JERSEY SHORE - Sunday afternoon, Connie and Jim Emert caught one of the strangest animals they had ever seen in the backyard of their Jersey Shore home; a purple squirrel.
"It's one of the oddest things I've ever seen, that's for sure," Connie Emert said on Tuesday. "My husband just didn't believe me when I told him there was a purple squirrel out there, until he saw it in the trap."
The Emerts, who have several bird feeders in their backyard, regularly catch squirrels in live animal traps near the bird feeders, then let the squirrels go in a nearby corn field.
Jim and Connie Emert, of Jersey Shore, found this purple squirrel in their trap behind their home. The catch and release the animals in a nearby corn field to keep them away from their bird feeders.
"Jim catches them in his traps all the time," Emert explained. "They get up and try to steal the seeds from the feeders. We've probably caught about 50 this year alone."

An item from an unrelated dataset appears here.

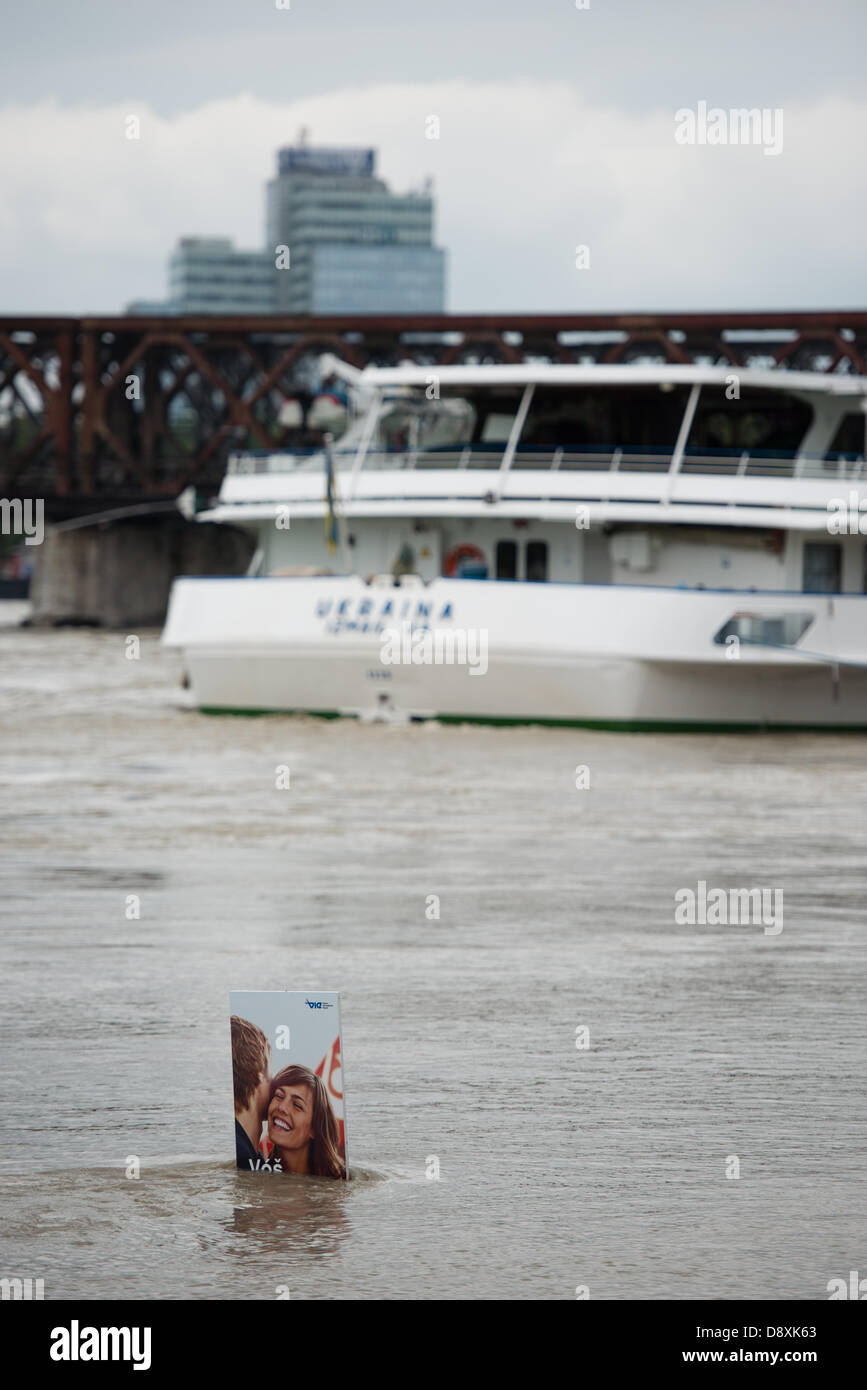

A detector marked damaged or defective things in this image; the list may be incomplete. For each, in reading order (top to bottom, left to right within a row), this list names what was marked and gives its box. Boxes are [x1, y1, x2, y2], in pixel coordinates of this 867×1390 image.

rusty railway bridge [1, 312, 867, 520]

Several people have seen the squirrel, and though theories have been offered, nobody is sure what could have caused his odd coloring. Most don't believe that pictures of the squirrel aren't edited somehow.
"When my friends saw it, they just couldn't believe it. Nobody can imagine that this little squirrel is bright purple until they see it in person," Emert said.
The squirrel, which Emert said will be released back in the wild sometime this week, appears to be a normal grey squirrel with a lavender tint to its coat.
"We wonder if he didn't get into something and dye his coat somehow," Emert said. "A friend of ours said that they put a chemical into the water at golf courses that's purple and thought maybe he'd gotten into that, but nobody really knows for sure."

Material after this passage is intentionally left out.